Non. Via une assurance-vie avec des unités de compte, vous pouvez accéder à des fonds long/short dès quelques centaines d’euros de versement. C’est l’un des grands avantages de la démocratisation de ces stratégies ces dernières années.
Quelle est la différence entre market neutral et long/short ?
Un fonds market neutral est un cas particulier du long/short où l’exposition nette au marché est proche de zéro. Les positions longues et courtes s’équilibrent presque parfaitement. Un fonds long/short classique peut avoir une exposition nette plus importante, donc davantage de sensibilité à la direction du marché.

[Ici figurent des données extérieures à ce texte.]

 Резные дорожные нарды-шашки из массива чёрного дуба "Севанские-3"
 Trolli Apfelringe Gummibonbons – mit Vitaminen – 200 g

Checklist avant d’investir en long/short
Première conseil
Comprendre la stratégie du fonds. Avant d’investir, lisez le Document d’Information Clé (DIC). Comprenez si le fonds est market neutral, long biaised ou sector-specific. Chaque approche a un profil de risque différent.
Deuxième conseil
Analyser le track record du gérant. La stratégie long/short dépend énormément du talent du gérant. Regardez les performances sur minimum 5 ans, idéalement sur un cycle complet incluant une phase baissière.
Troisième conseil
Vérifier les frais. Les fonds long/short ont des frais plus élevés que les fonds classiques. Vérifiez les frais courants, la commission de performance et son mode de calcul. Des frais élevés peuvent significativement réduire la performance nette.
Quatrième conseil
S’assurer de la disponibilité dans votre contrat d’assurance-vie. Tous les contrats ne proposent pas de fonds long/short. Vérifiez avec votre assureur ou conseiller quels fonds alternatifs sont accessibles dans votre enveloppe fiscale.
Cinquième conseil
Adapter la pondération à votre profil. Ne mettez pas plus de 20 % à 25 % de votre épargne en long/short, même si vous êtes profil dynamique. Ce type de fonds est un complément, pas un cœur de portefeuille.
Sixième conseil
Anticiper l’horizon d’investissement. Même si ces fonds sont généralement liquides, prévoyez un horizon d’au minimum 3 à 5 ans pour lisser les inévitables variations de performance.
Conclusion
La stratégie long/short n’est pas une formule magique. Ce n’est pas une promesse de richesse sans risque. C’est un outil sophistiqué, entre les mains de gérants talentueux, capable de générer de la performance là où les investisseurs classiques subissent les marchés.
Dans un monde où la volatilité est devenue la norme et où les certitudes s’effacent les unes après les autres, savoir jouer sur les deux tableaux n’est plus un luxe réservé aux milliardaires. C’est une approche patrimoniale intelligente, accessible aujourd’hui via l’assurance-vie.